Focus and fog

Almost on the spur of the moment I went to hear Ahdaf Soueif talking on ‘Activist Humanities in a Global Context’ this evening. ‘Activist’, humanities’ and ‘global’ are my sort of words, I’ve been interested in her newspaper articles about the Egyptian revolution, one of the co-speakers was a (very)-ex-colleague, and the talk was in the classy new auditorium at Pembroke College, so it seemed worth two hours even on a Friday evening. I walked through the old quad, past the chapel , over the outdoor, glass-sided bridge and into the new, polished-stone building with its solid pale-oak doors and delicate LED-lighting. Unlike the nearby social housing, built so badly 15 years ago that it is already being pulled down, Pembroke’s building is made to last centuries.
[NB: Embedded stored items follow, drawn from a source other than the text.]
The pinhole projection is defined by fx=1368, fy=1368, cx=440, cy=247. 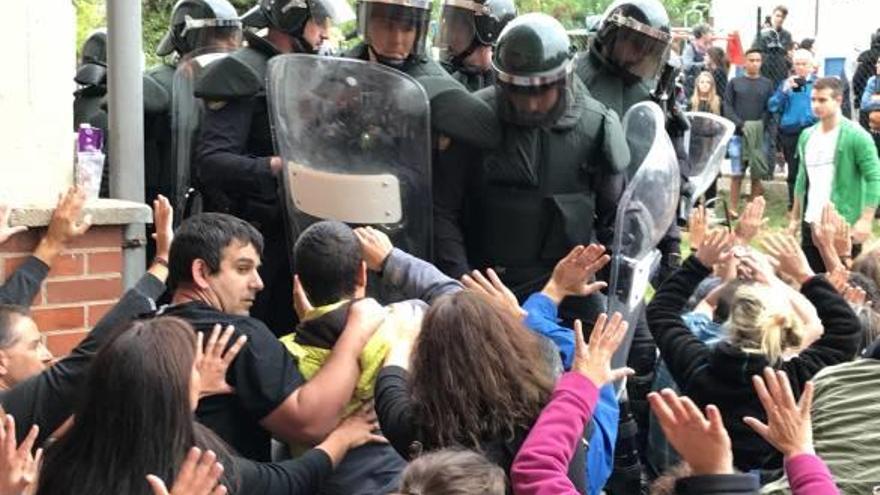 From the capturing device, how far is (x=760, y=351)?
3.85m

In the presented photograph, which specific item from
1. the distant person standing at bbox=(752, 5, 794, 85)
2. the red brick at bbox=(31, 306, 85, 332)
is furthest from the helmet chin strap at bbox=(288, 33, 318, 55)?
Result: the distant person standing at bbox=(752, 5, 794, 85)

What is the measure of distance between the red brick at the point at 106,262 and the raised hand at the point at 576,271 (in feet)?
4.78

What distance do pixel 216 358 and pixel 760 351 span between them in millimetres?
1592

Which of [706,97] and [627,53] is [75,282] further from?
[706,97]

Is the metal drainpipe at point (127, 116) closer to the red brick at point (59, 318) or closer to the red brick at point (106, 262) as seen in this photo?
the red brick at point (106, 262)

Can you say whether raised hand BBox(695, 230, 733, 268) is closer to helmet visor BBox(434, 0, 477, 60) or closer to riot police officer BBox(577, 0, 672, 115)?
riot police officer BBox(577, 0, 672, 115)

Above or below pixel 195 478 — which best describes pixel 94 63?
above

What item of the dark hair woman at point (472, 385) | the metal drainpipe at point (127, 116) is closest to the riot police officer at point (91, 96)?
the metal drainpipe at point (127, 116)

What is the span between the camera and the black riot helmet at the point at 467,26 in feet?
20.9

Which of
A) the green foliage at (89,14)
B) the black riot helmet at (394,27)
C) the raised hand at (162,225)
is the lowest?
the green foliage at (89,14)

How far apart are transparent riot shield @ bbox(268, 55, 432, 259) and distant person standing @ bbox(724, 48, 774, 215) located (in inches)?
401

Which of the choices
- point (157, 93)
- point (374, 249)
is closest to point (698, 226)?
point (374, 249)

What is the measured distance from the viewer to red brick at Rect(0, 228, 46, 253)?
4.16 metres

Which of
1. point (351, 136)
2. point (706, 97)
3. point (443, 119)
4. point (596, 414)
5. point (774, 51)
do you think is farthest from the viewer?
point (774, 51) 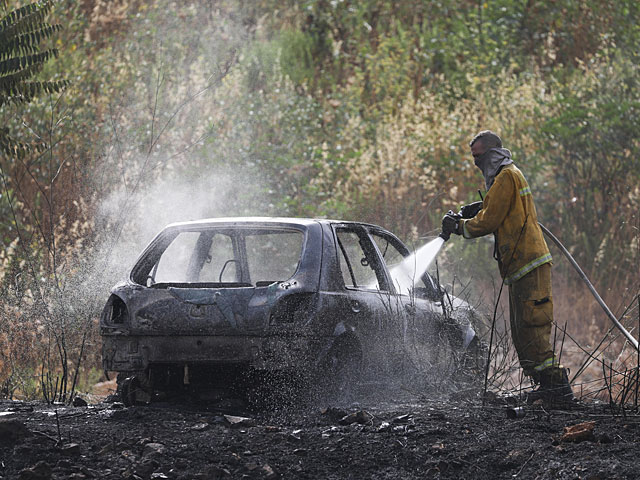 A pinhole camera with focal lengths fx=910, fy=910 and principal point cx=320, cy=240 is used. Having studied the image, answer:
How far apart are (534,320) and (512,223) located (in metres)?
0.74

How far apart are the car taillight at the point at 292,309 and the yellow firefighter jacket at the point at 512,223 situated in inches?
65.2

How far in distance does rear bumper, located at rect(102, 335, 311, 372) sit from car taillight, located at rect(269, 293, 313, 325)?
120mm

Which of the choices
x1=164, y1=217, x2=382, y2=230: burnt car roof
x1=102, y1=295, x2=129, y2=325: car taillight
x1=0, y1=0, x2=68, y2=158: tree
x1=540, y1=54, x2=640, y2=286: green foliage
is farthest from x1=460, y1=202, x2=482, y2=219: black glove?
x1=540, y1=54, x2=640, y2=286: green foliage

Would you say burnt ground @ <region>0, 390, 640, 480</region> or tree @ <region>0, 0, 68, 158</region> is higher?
tree @ <region>0, 0, 68, 158</region>

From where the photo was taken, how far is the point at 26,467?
4602mm

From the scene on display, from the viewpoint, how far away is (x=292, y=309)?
587cm

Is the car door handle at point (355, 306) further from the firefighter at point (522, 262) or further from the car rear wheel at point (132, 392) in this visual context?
the car rear wheel at point (132, 392)

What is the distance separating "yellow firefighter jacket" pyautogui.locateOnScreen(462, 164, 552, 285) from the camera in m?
6.81

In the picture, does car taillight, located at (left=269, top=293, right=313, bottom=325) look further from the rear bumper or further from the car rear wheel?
the car rear wheel

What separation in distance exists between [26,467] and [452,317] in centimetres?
374

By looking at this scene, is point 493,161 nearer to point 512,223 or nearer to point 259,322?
point 512,223

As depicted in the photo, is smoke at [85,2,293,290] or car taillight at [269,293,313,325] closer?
car taillight at [269,293,313,325]

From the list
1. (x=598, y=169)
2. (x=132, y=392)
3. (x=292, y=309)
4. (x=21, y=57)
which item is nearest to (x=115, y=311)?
(x=132, y=392)

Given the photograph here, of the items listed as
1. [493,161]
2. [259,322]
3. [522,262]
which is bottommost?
[259,322]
There I exposed my brain to intellectual rigour (though not, sadly, from my ex-colleague). Quite a challenge but, although I couldn’t reproduce any of the acuity I heard, I understood enough of it to find myself nodding from time to time.

I was also relishing acuity of vision, since I’d collected my new (two-months-post-op, 30-months-post blur-onset) glasses half an hour before the talk. The shininess! The brightness! The sharpness! And when I got out onto the main road afterwards, the detail in the distance! Listening to my brain bubbling over with excitement made me wonder whether Aldous Huxley’s dreadful vision was a factor in his taking LSD. If he couldn’t have all the sparkly lights and pretty pictures courtesy of glasses…

Today also marks the death of Tony Benn, another source of focus in the fog. I heard him speak passionately at countless rallies and demonstrations, at Levellers’ Day which he attended loyally, and once, more intimately but just as forcefully, to a small audience in Oxford. I felt quite subdued about that light going out – he had compassion and integrity and was a rare champion of those people who are usually ignored.